*THE TASK*
Include the line with "Personalised Classic Pink Reed Diffuser" and every line before it in the entries below, echoed exactly, but not the pictures.

*** SOURCE DATA

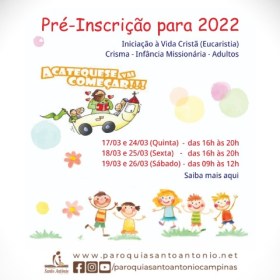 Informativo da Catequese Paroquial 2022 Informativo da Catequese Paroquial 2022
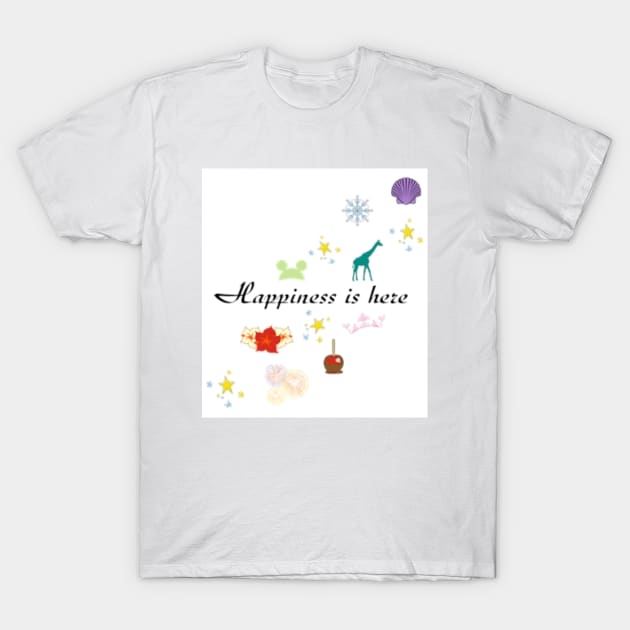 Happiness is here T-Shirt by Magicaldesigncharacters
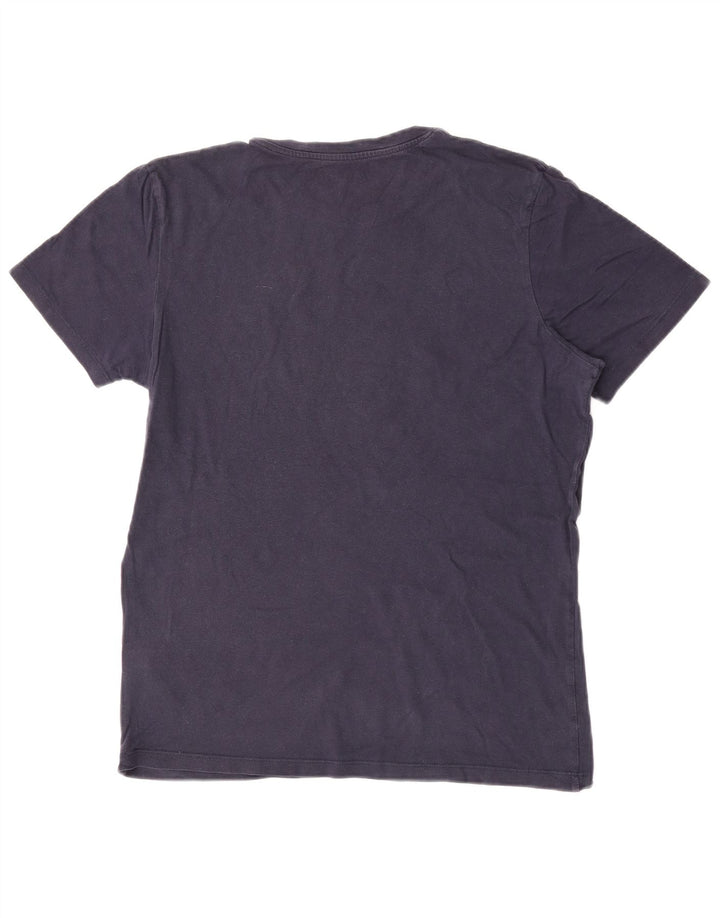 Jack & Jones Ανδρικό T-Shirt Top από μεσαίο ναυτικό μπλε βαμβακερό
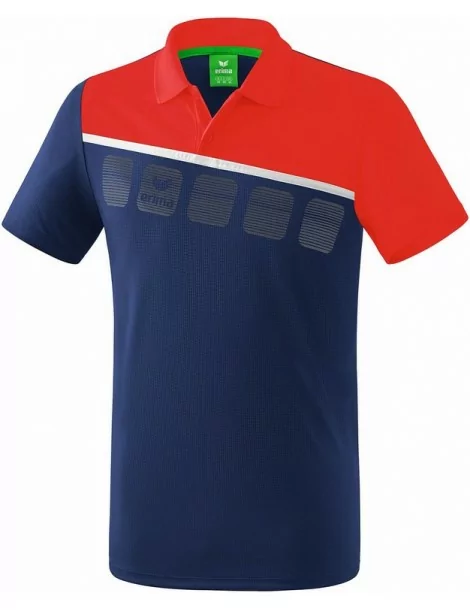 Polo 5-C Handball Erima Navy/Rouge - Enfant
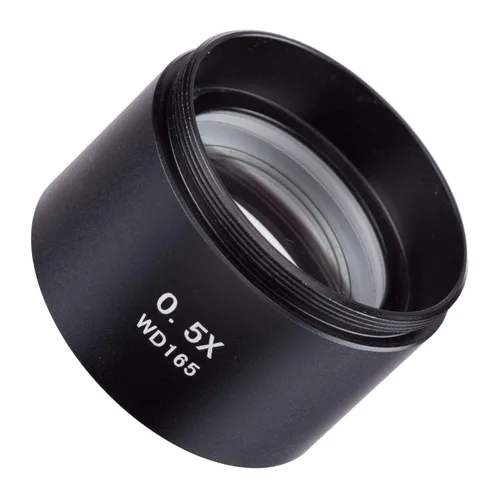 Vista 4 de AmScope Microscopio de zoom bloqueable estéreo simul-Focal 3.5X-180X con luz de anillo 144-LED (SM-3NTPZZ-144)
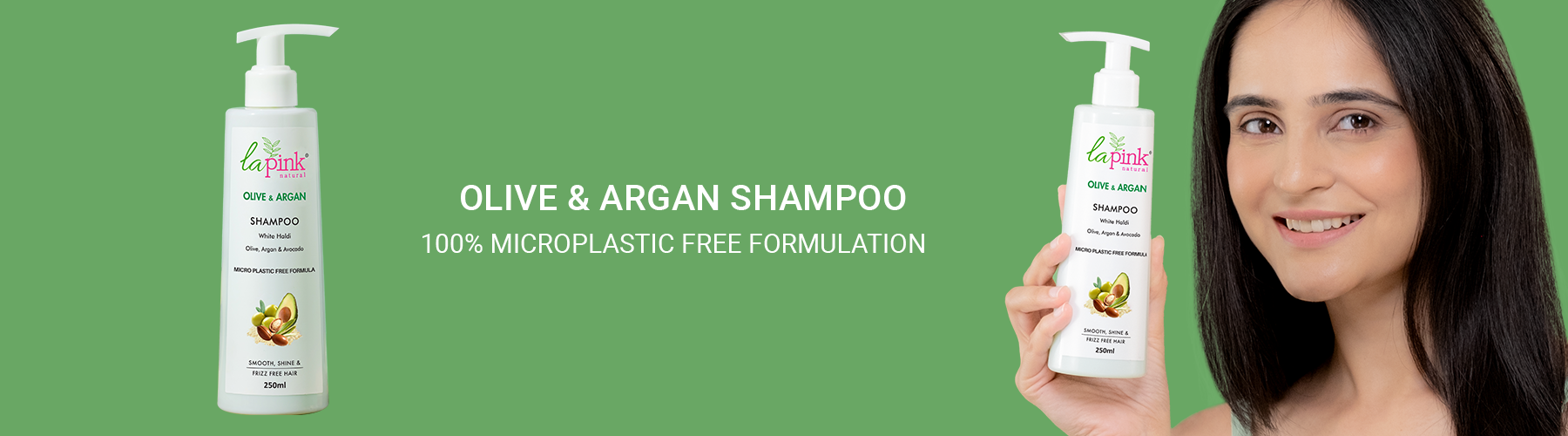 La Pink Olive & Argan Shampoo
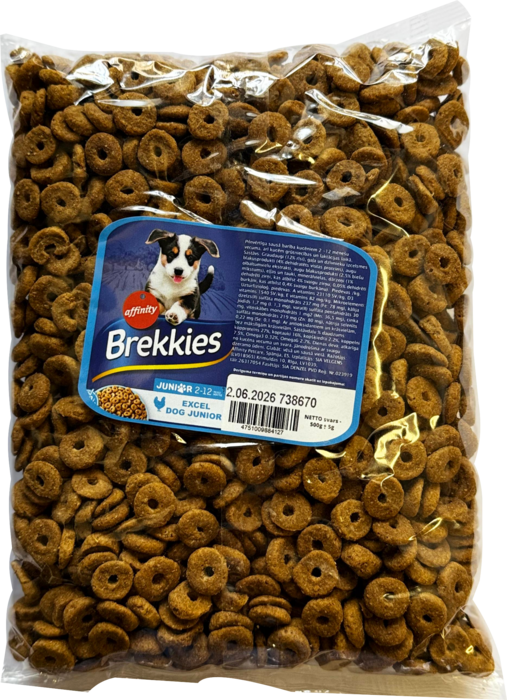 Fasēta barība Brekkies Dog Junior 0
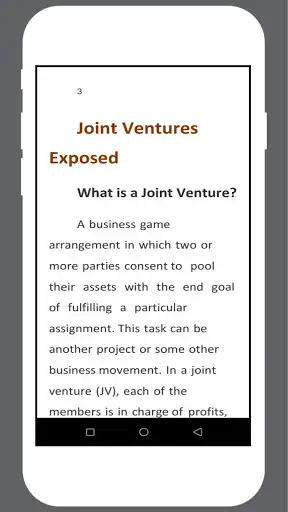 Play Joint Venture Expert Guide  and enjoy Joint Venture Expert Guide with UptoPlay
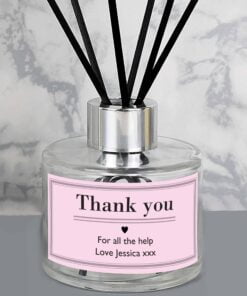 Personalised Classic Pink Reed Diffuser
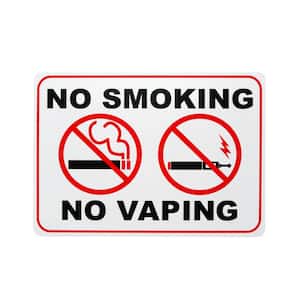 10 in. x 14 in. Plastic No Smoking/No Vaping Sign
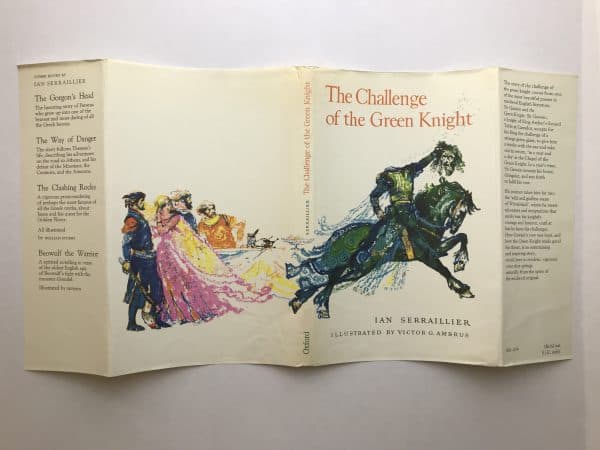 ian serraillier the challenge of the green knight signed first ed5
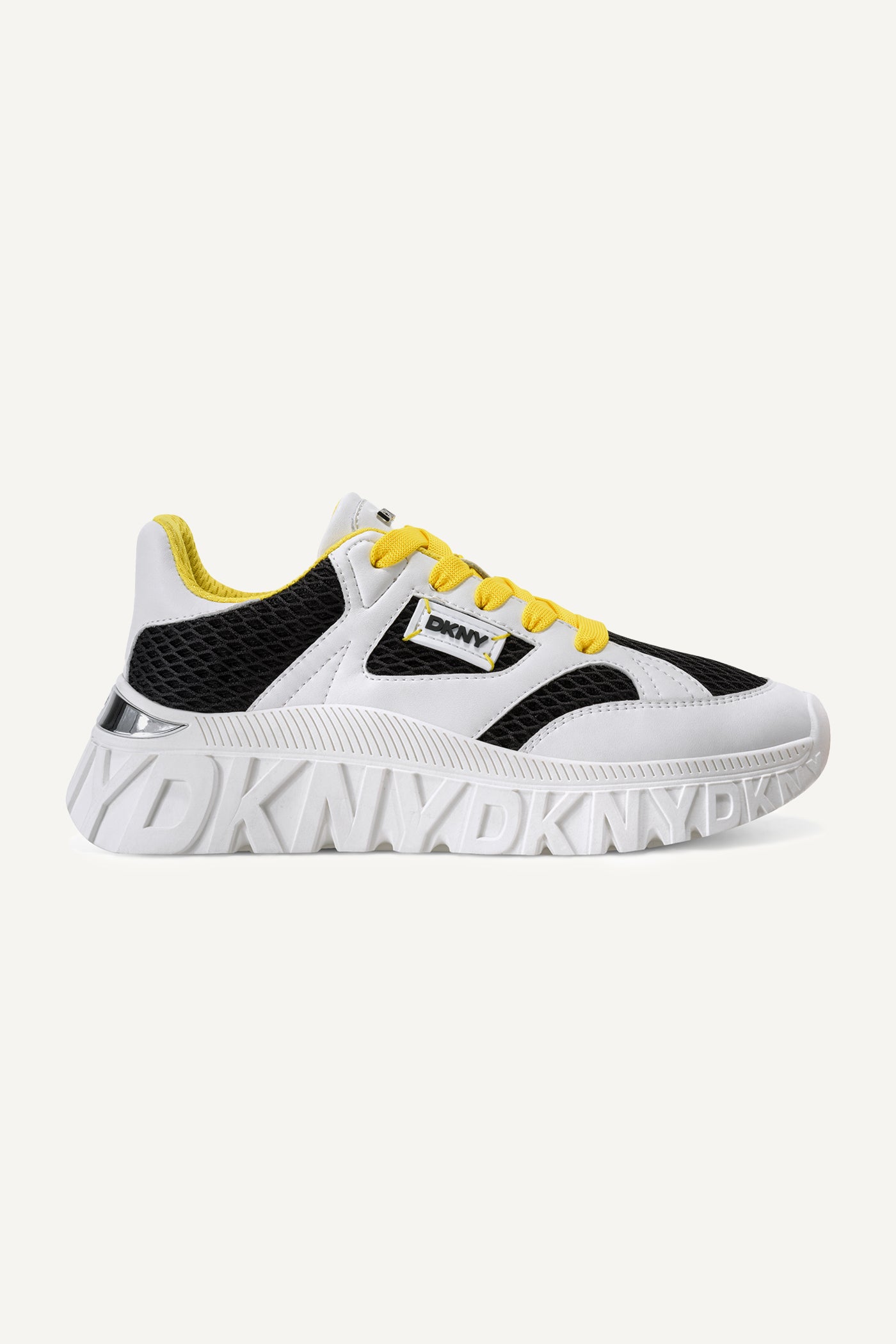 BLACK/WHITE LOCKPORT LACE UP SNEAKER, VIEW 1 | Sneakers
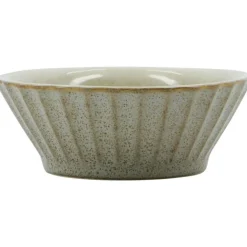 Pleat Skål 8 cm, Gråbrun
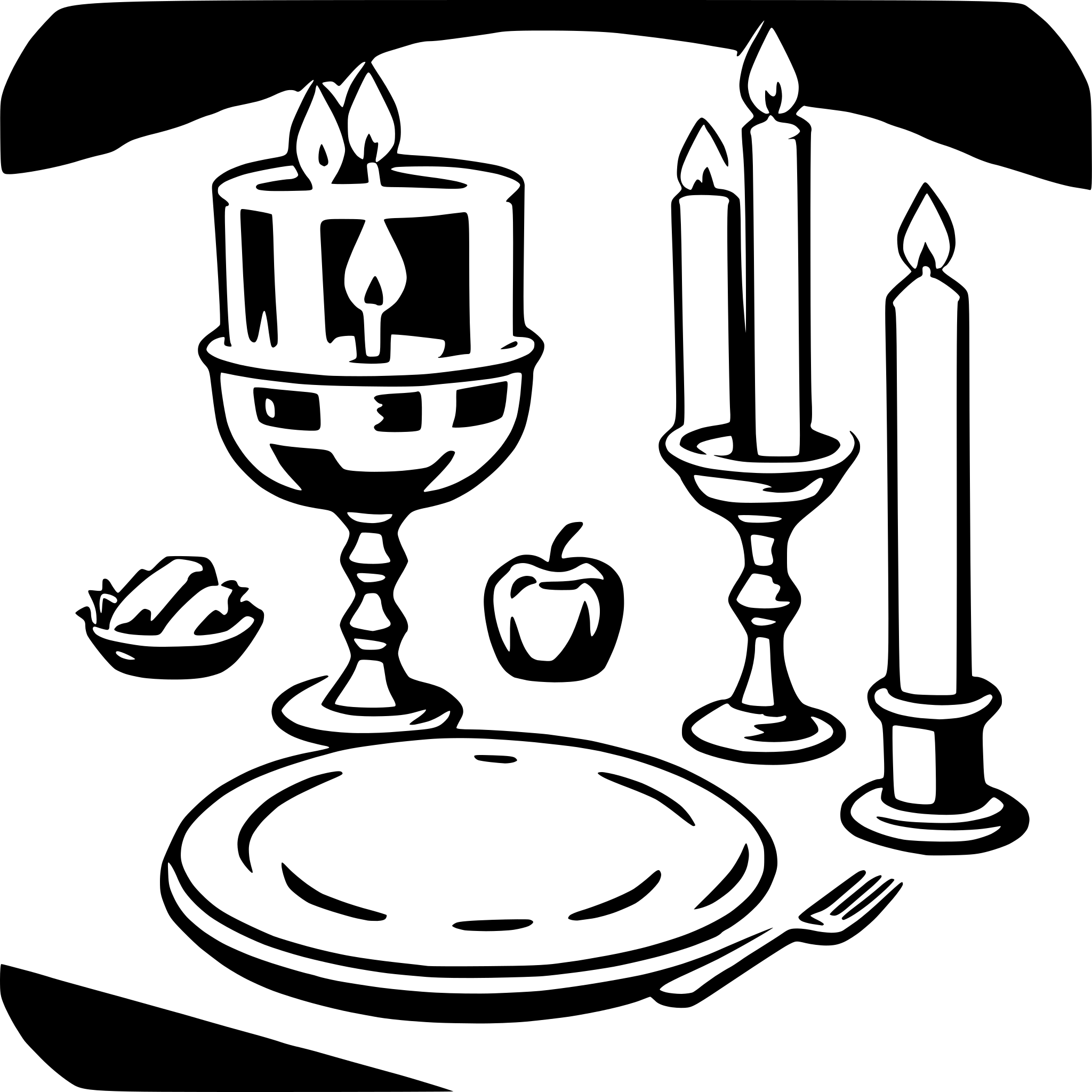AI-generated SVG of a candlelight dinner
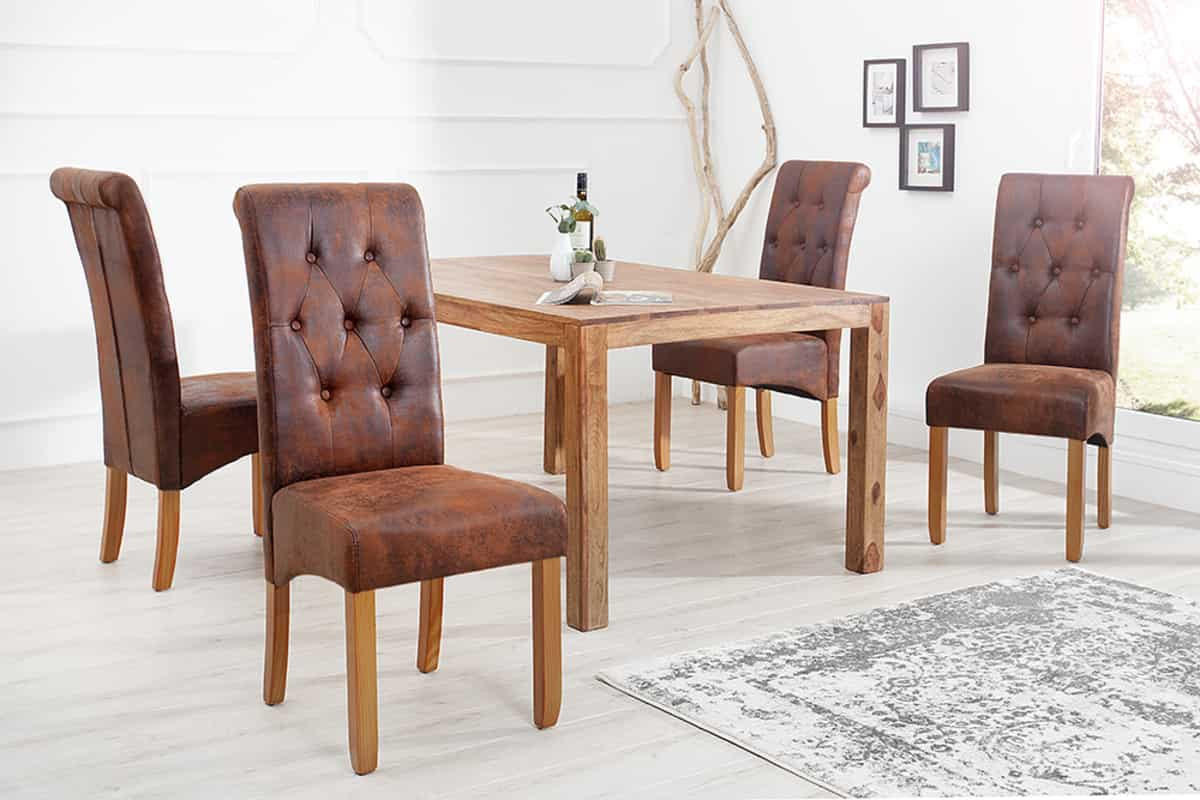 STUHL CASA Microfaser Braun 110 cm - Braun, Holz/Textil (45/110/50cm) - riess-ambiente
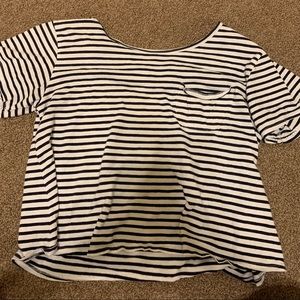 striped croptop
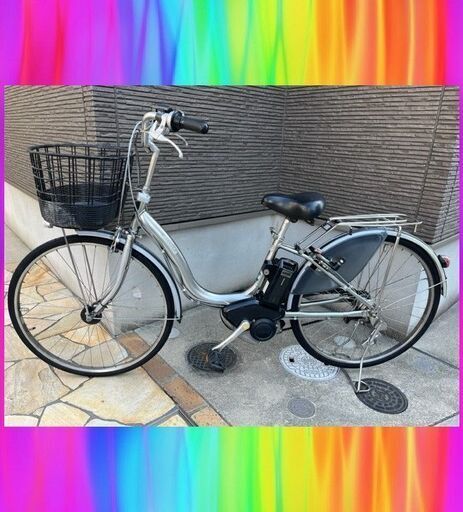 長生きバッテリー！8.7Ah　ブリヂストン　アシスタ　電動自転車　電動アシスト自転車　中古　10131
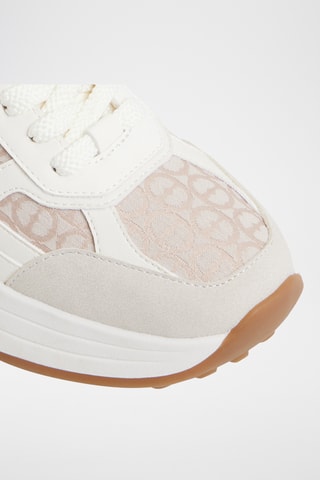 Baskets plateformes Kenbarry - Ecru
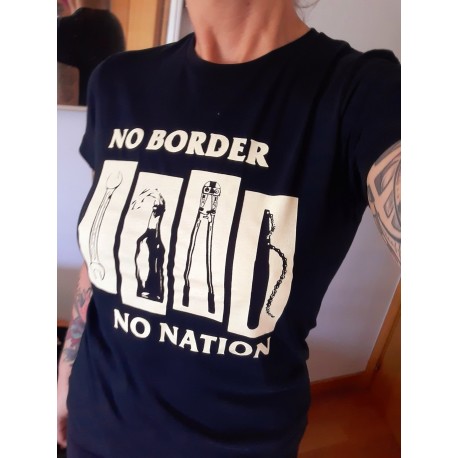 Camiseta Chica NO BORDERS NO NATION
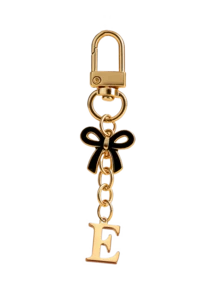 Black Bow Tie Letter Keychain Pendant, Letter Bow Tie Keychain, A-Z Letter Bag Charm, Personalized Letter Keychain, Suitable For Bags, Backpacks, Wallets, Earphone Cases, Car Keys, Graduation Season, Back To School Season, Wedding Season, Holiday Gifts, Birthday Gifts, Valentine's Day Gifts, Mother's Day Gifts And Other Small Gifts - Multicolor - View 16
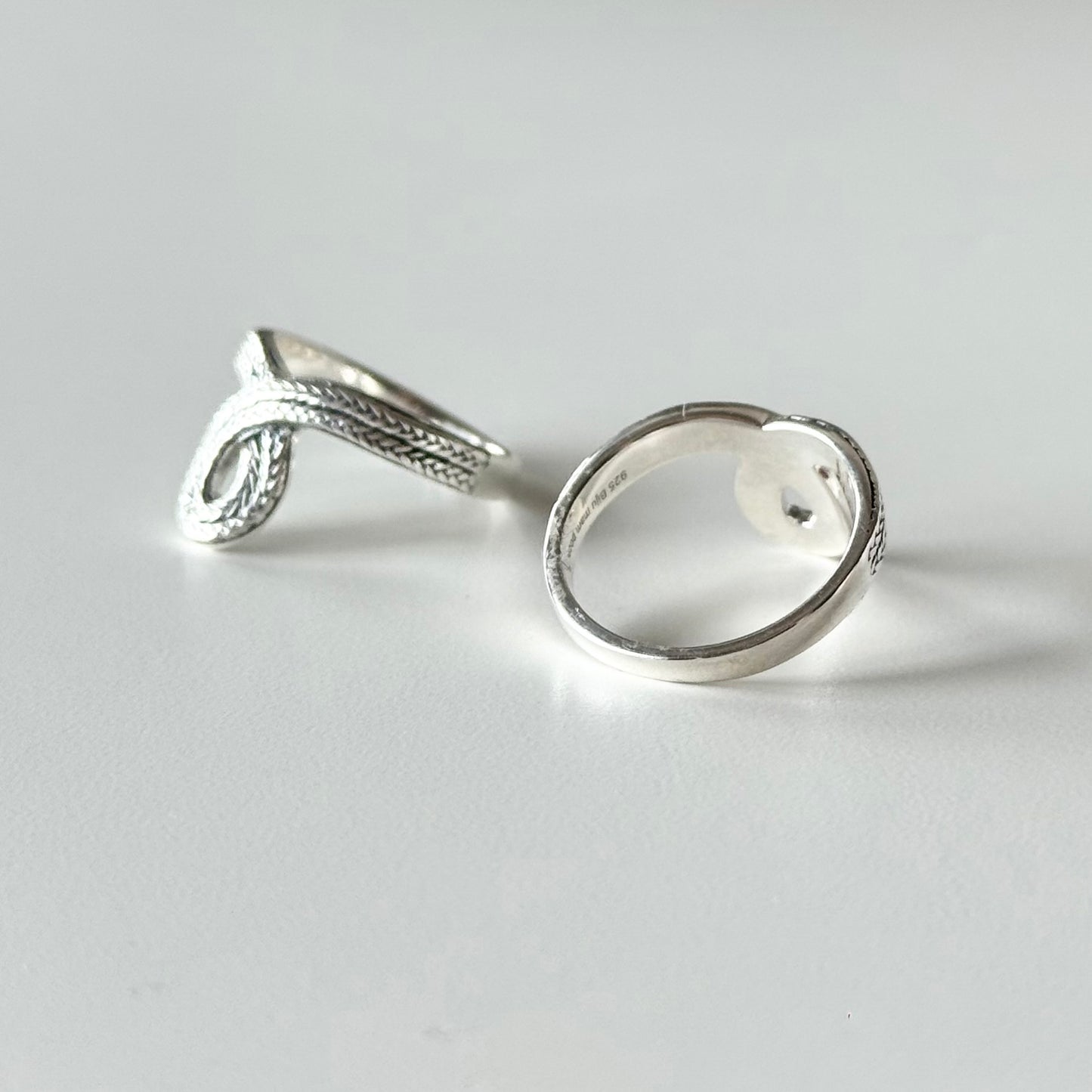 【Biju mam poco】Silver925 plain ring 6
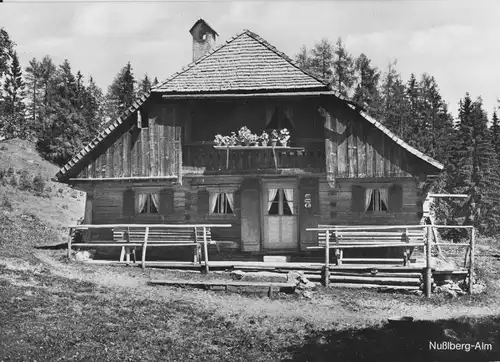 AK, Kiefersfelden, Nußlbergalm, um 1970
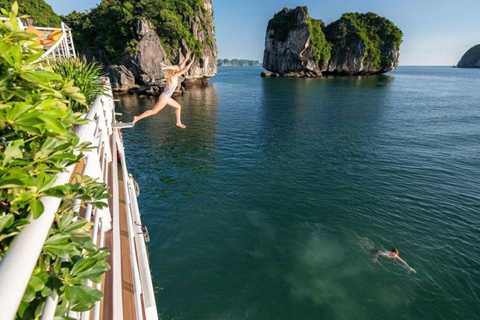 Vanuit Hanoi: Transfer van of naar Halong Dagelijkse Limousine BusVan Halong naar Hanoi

******

*EXPECTED ANSWER*
 Informativo da Catequese Paroquial 2022 Informativo da Catequese Paroquial 2022
 Happiness is here T-Shirt by Magicaldesigncharacters
 Jack & Jones Ανδρικό T-Shirt Top από μεσαίο ναυτικό μπλε βαμβακερό
 Polo 5-C Handball Erima Navy/Rouge - Enfant
 Vista 4 de AmScope Microscopio de zoom bloqueable estéreo simul-Focal 3.5X-180X con luz de anillo 144-LED (SM-3NTPZZ-144)
 La Pink Olive & Argan Shampoo
 Fasēta barība Brekkies Dog Junior 0
 Play Joint Venture Expert Guide  and enjoy Joint Venture Expert Guide with UptoPlay
 Personalised Classic Pink Reed Diffuser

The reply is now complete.